This Zoom lecture will explore witchcraft and witch-hunting in New England in the seventeenth century, in communities shaped by a profound belief in the devil and his minions.

Mention Salem Massachusetts and most people will make an immediate connection to the witch trials of 1692, when the courts sentenced 19 people to hang for the crime of witchcraft and tortured a 20th to death. Salem unofficially, and perhaps a little glibly, calls itself “The Witch City.” Less known, even in the United States, is that dozens and perhaps hundreds of people were tried for witchcraft in New England beginning over four decades before the events in Salem. At least sixteen people were executed for the crime, most of them women. This lecture will explore witchcraft and witch-hunting in New England in the seventeenth century, in communities shaped by a profound belief in the devil and his minions. The talk will also explore the idea that witch-hunting was women-hunting, and the difficulty Americans have coming to terms with dark periods in our history.

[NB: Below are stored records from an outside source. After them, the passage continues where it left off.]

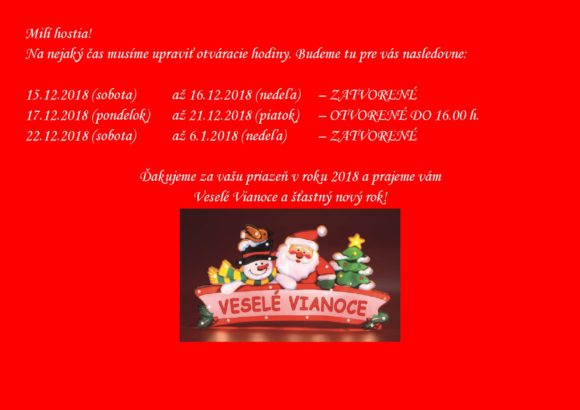 OTVÁRACIE HODINY POČAS SVIATKOV OTVÁRACIE HODINY POČAS SVIATKOV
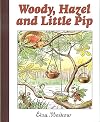 Woody, Hazel and Little Pip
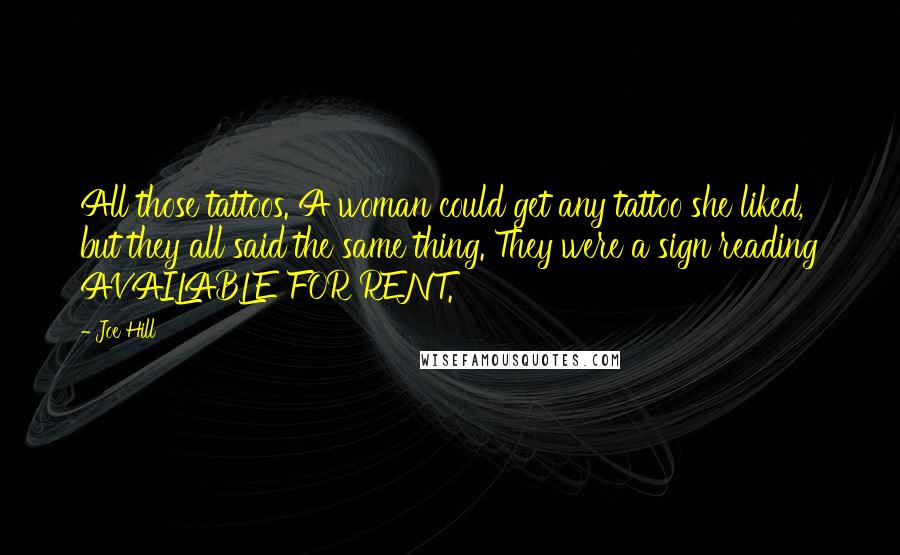 Joe Hill Quotes: All those tattoos. A woman could get any tattoo she liked, but they all said the same thing. They were a sign reading AVAILABLE FOR RENT.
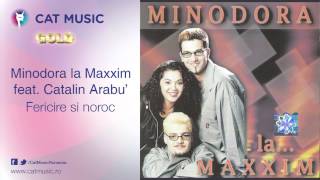 Minodora la Maxxim feat Catalin Arabu  Fericire si noroc [upl. by Dahsra]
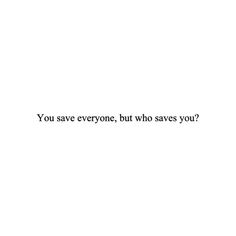 the words you save everyone, but who saves you? written in black on a white background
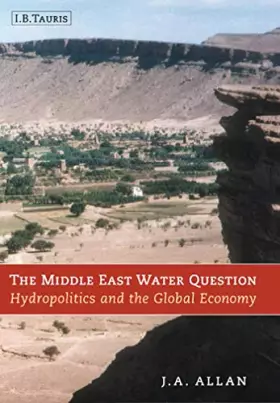 Couverture du produit · The Middle East Water Question: Hydropolitics and the Global Economy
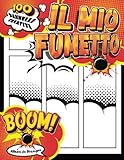 libri per disegnare manga e fumetti: un fumetto a tema vuoto per creare i tuoi fumetti in stile fumetto | 100 schede guidate e uniche con bolle e onomatopee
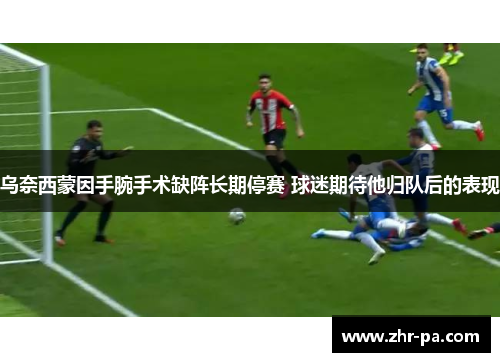 乌奈西蒙因手腕手术缺阵长期停赛 球迷期待他归队后的表现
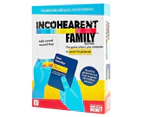 What Do You Meme Incohearent Family Edition 2-20 Player Adult Card Game 17+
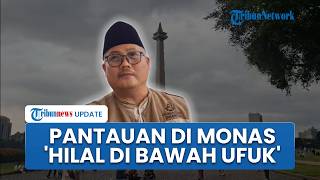 Pantauan Hilal Sementara di Monas Tentukan Awal Ramadhan, Cuaca Mendung Posisi Bulan di Bawah Ufuk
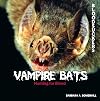 Vampire Bats: Hunting for Blood (Bloodsuckers)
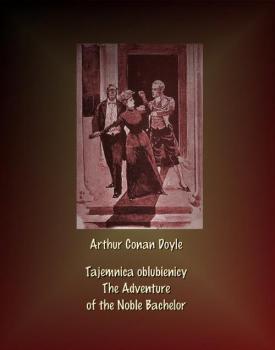 Tajemnica oblubienicy. The Adventure of the Noble Bachelor - Артур Конан Дойл 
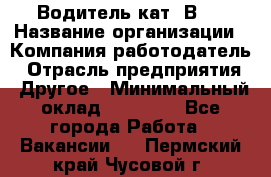 Водитель кат."ВCE › Название организации ­ Компания-работодатель › Отрасль предприятия ­ Другое › Минимальный оклад ­ 20 000 - Все города Работа » Вакансии   . Пермский край,Чусовой г.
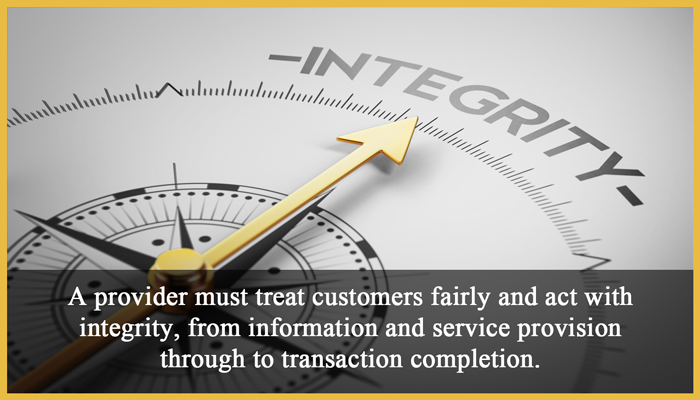 1. Fairness and integrity: A provider must treat customers fairly and act with integrity, from information and service provision through to transaction completion.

Leslie Lindenauer is a Professor in the Department of History and Non-Western Cultures at Western Connecticut State University, where she teaches courses in early American history, gender studies, public history, and American Studies. Her book I Could Not Call Her Mother: The Stepmother in American Popular Culture, 1750-1960 was published by Lexington Books in 2014. Before her career in academe, Leslie worked for a couple of decades as an educator and administrator at a number of history museums in the Northeast.